Two specific events hastened the exodus. On 6 June 1966, a date referred to by the British in India in apocalyptic terms, the rupee was devalued against the pound by one third, thus slashing the income British businessmen could send back to the UK. The devaluation, coupled with heavy taxation and the need to obtain Indian government approval for high salaries, meant that it became virtually impossible for an ‘expat' to earn more than £2,750 per year in India. The second event was the looming 1969 India Companies Act that would abolish the system of management agencies. These mostly British conglomerates ran portfolios of Indian companies in Calcutta, the business centre of British India, and enabled young men out from public schools to earn a good income. By the time Freeman left, only a rump of 1,400 expats remained. Thus, wrote Geoffrey Moorhouse in
Calcutta
, ‘The British are reduced to roughly the same number of people as were in Calcutta a few years before the Black Hole happened.'
10

This lugubrious comparison would not have been wasted on the High Commissioner, nor that it happened during the regime of Indira Gandhi. Freeman's difficult relationship with the Indian Prime Minister would dominate diplomatic relations for the second half of his posting. Already, however, soon after his arrival, he was reminded that the legacy of the British Raj could be an embarrassment; that a nostalgia for the past had to be replaced by a hard-headed view towards a commercial future. Lord Mountbatten came to stay. In May 1965, Mountbatten was Britain's chief of the defence staff, but he had been the last viceroy of British India and the first governor general of the newly independent India. Mountbatten had supported Freeman's appointment as High Commissioner, but now he embarrassed him with his Raj attitude, culminating in an incident at the residency when he suggested showing guests round his ‘old house up the road'. He was
referring to the Viceregal Lodge, now the state home of the Indian President, the
Rasthrapati Bhavan
. This patronising insensitivity, Freeman noticed, played on the ‘neurosis' of the Indian government and press, ever ready to feel slighted when none was intended. Catherine Freeman noticed this too: ‘He was an embarrassment. He wanted his old troops lined up outside his old house. I thought our Indian hosts were very decent.'
11
Mountbatten himself noticed a change in atmosphere. At a meeting with Indian military commanders, ‘He sensed a feeling of restraint on the Indian side and it was clear to him that relations were very different from the last time he had visited India.'
12
Always keen to receive honours of one kind or another, he was dismayed that plans to offer him the honorary colonelcy of an Indian Army regiment were vetoed.

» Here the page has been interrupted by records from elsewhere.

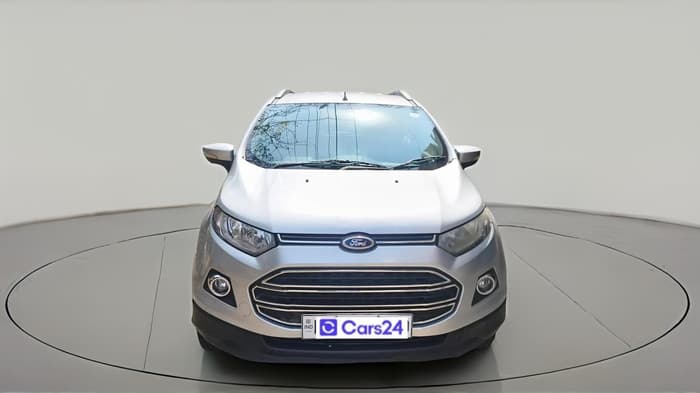 2014 Ford Ecosport TITANIUM 1.5L DIESEL, Diesel, Manual, 1,85,383 km, exterior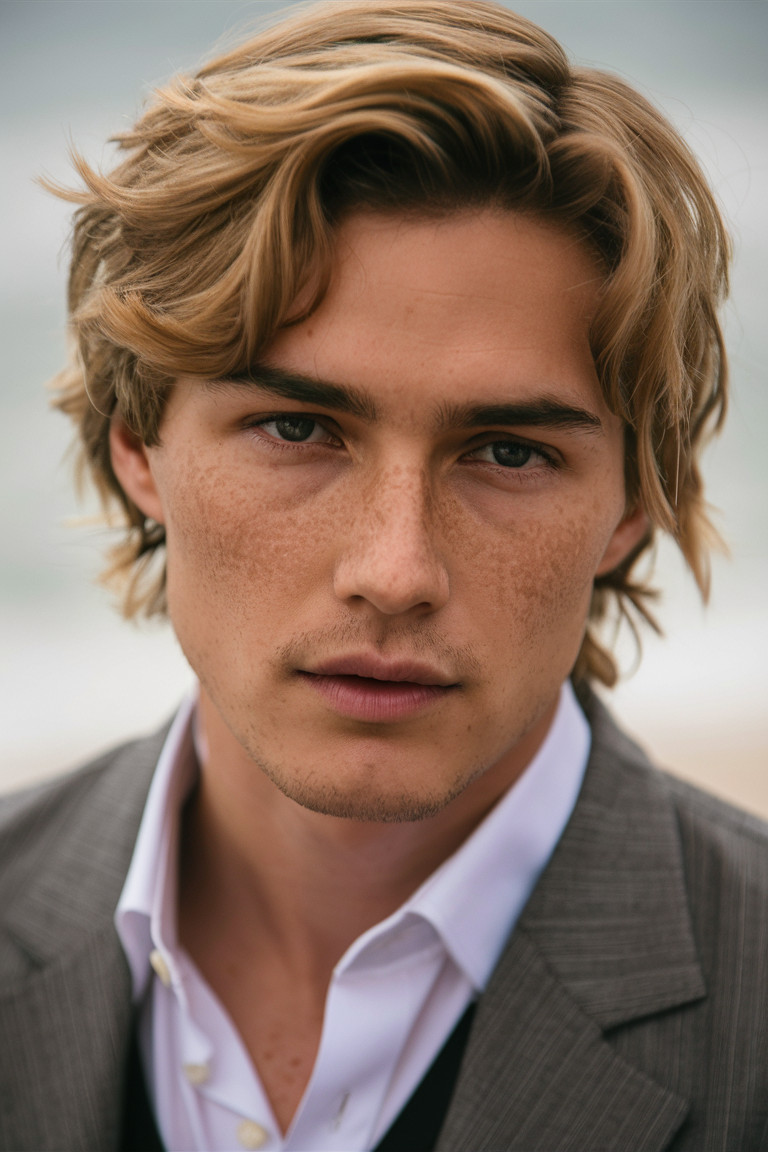 21 Best Medium Length Mens Haircuts Ideas – Trendy Wavy, Curly & Shaggy Styles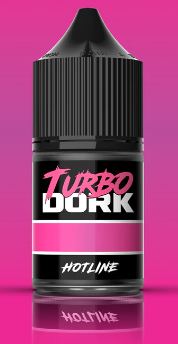 Turbo Dork Hotline Metallic Acrylic Paint 22ml Bottle - Hobbytech Toys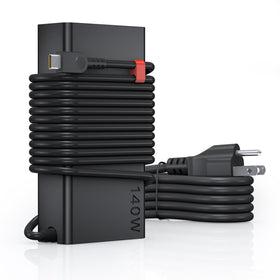 Dzytnsy Slim 140W USB-C charger front view for fast laptop charging.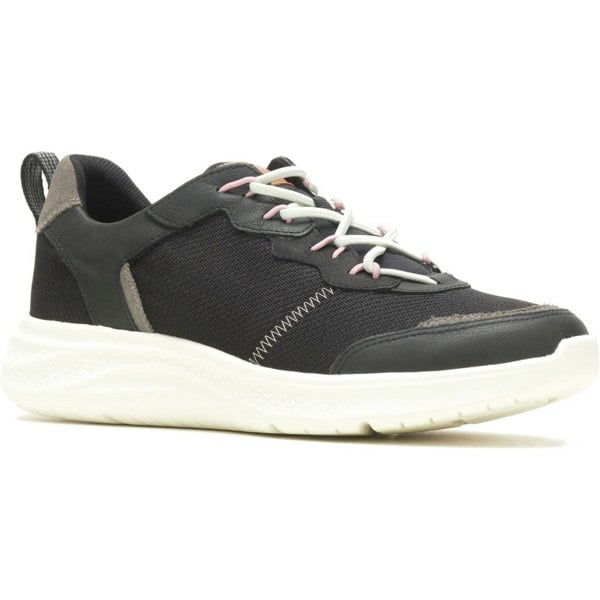 Hush Puppies Elevate Bungee Lace Women's Trainers in Black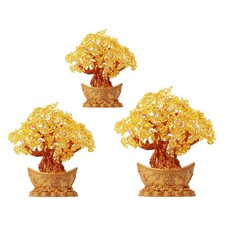 Gemstone Money Tree Artificial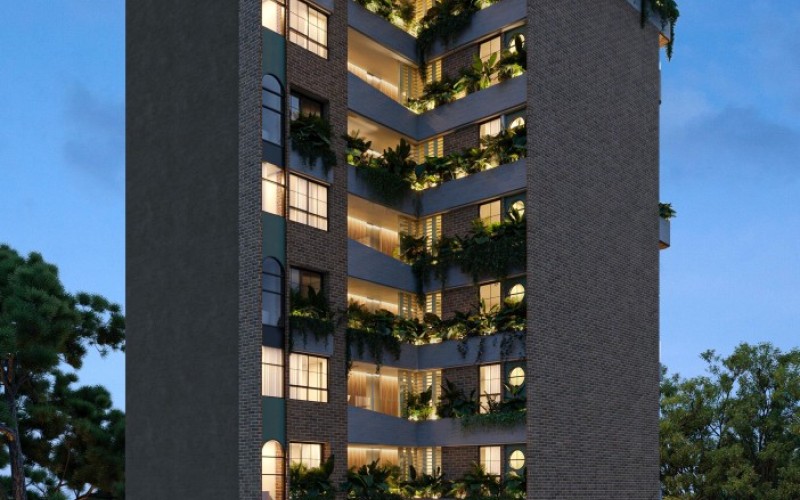 Unique perspective showcasing LUSSO's perfect integration with Laureles' urban landscape. Design that maximizes views and natural light in each suite. #LuxuryDevelopment #MedellinProperty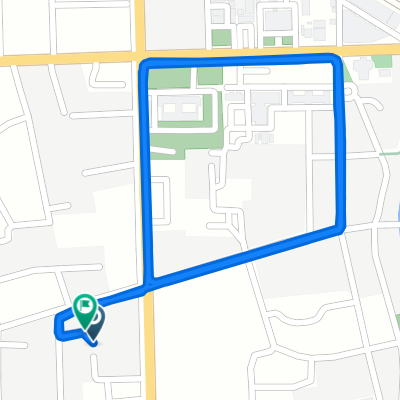 42 Chi Sa In Rd., Phetchaburi to Soi Mahanon, Phetchaburi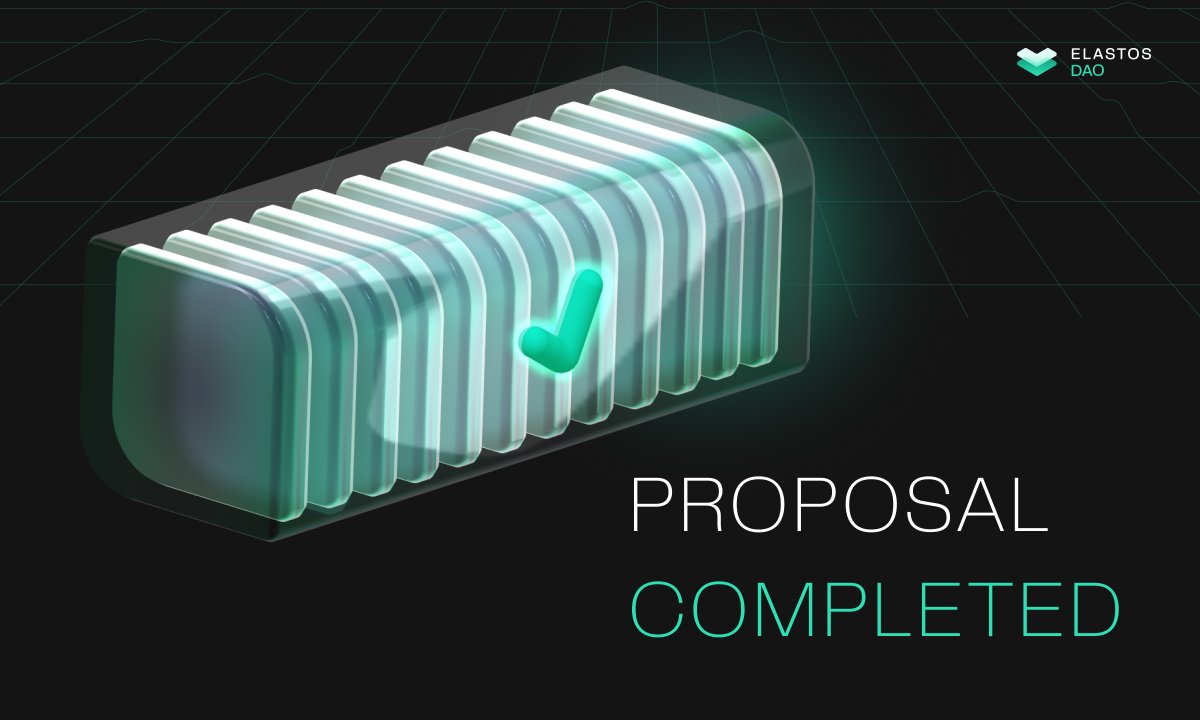 ✅ Proposal #201 Completed

Infinity Team – Global Relations &amp; Communications (Oct 2025 – Mar 2026) is now marked COMPLETED.

The final phased payment under this Proposal has been completed. Big thanks to the Infinity Team for delivering the work as outlined.

We appreciate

A year later Freeman was more explicit about the legacy of the Raj. The CRO asked him to advise on a possible visit from Jennie Lee, a left-wing government minister and widow of Aneurin Bevan; also an old friend of Mrs Gandhi. Harold Wilson's proposal was that she would ‘establish a cordial atmosphere for his own visit' later in the year. Freeman replied:

A most friendly welcome awaits those who had sympathised with India during the final stages of the struggle for independence. At the same time we must be under no illusion that these slightly nostalgic associations with the past play no real part in shaping present-day Indian attitudes towards contemporary events. In a rather different context we have experienced something of this in the diminishing returns yielded by Lord Mountbatten's recent visits.

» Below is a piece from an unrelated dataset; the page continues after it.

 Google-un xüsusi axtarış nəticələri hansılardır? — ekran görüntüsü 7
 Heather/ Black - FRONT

My own feeling is that the Prime Minister would be well advised to relate his visit to the future pattern of Indo–British relations. Events of the last eight months [the British attitude to the Indo–Pakistan War,
see later] have made a clean break with the sort of associations that India wistfully held for the Labour Party of the '30s and '40s. We can no longer depend on warm feelings from the past and we must look forward to a pragmatic relationship of mutual benefit in the future.